## Data for this task:
····················

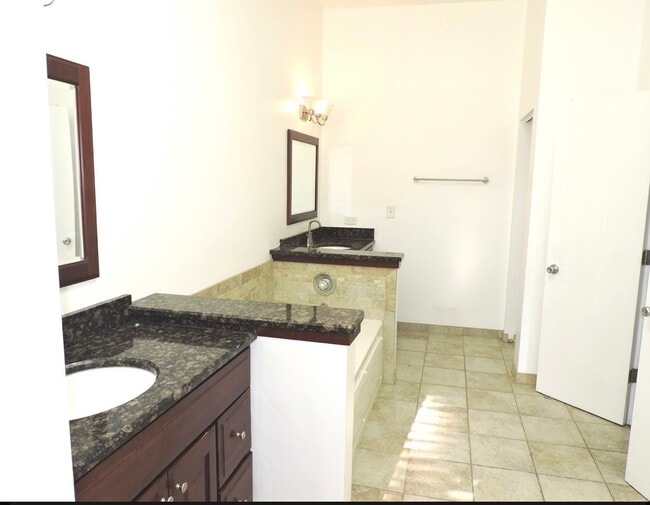 Building Photo - 245 Carlisle Ave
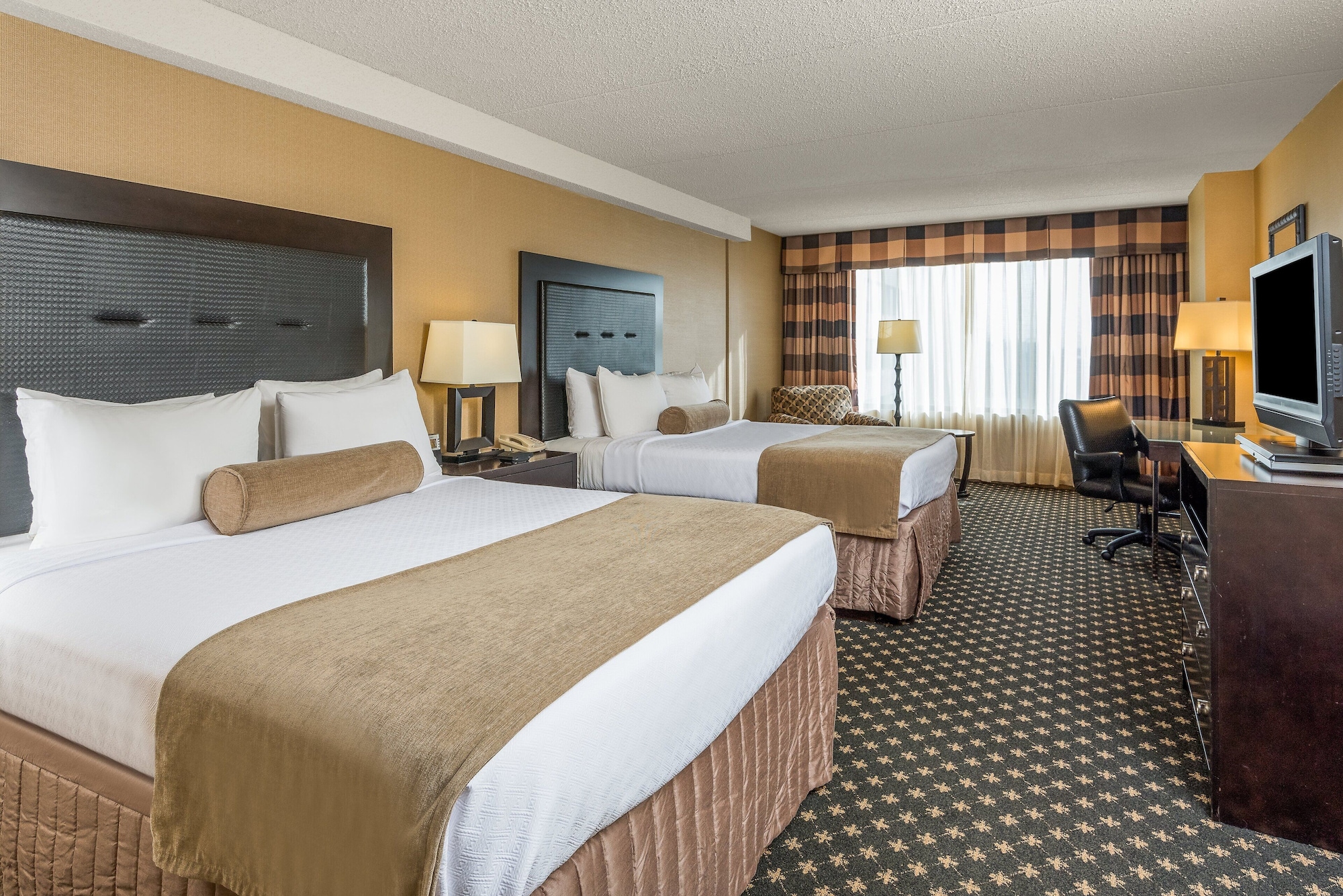 crowne plaza indianapolis airport by ihg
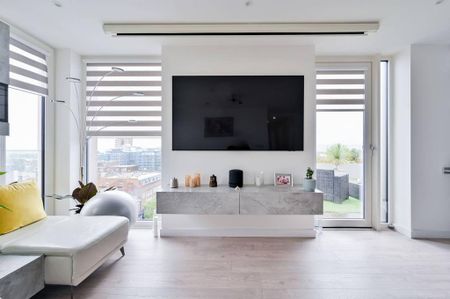 3 bedroom flat to rent - Photo 4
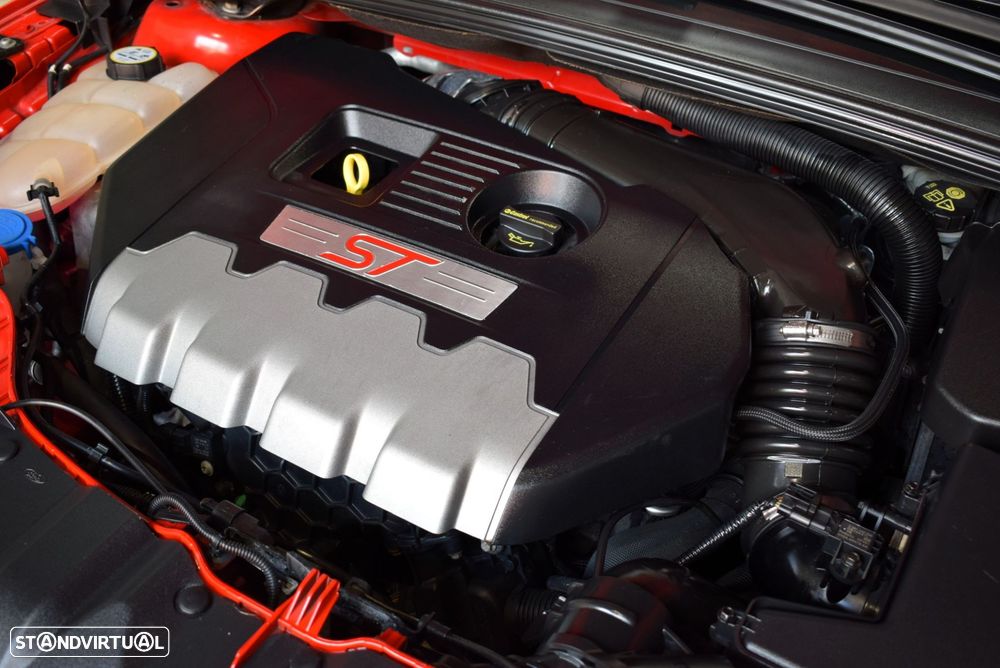 Ford Focus SW 2.0 EcoBoost ST - 49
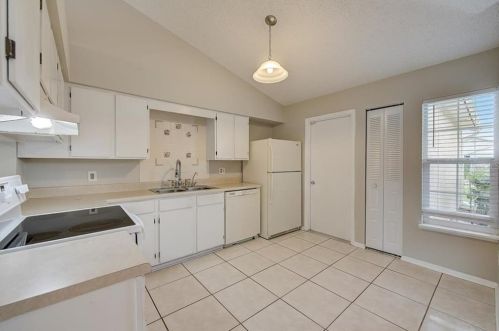 915 Derbyshire Dr, Kissimmee FL 34758-3120 exterior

····················

Retype all the data exactly; skip the pictures.

 Building Photo - 245 Carlisle Ave
 crowne plaza indianapolis airport by ihg
 3 bedroom flat to rent - Photo 4
 Ford Focus SW 2.0 EcoBoost ST - 49
 915 Derbyshire Dr, Kissimmee FL 34758-3120 exterior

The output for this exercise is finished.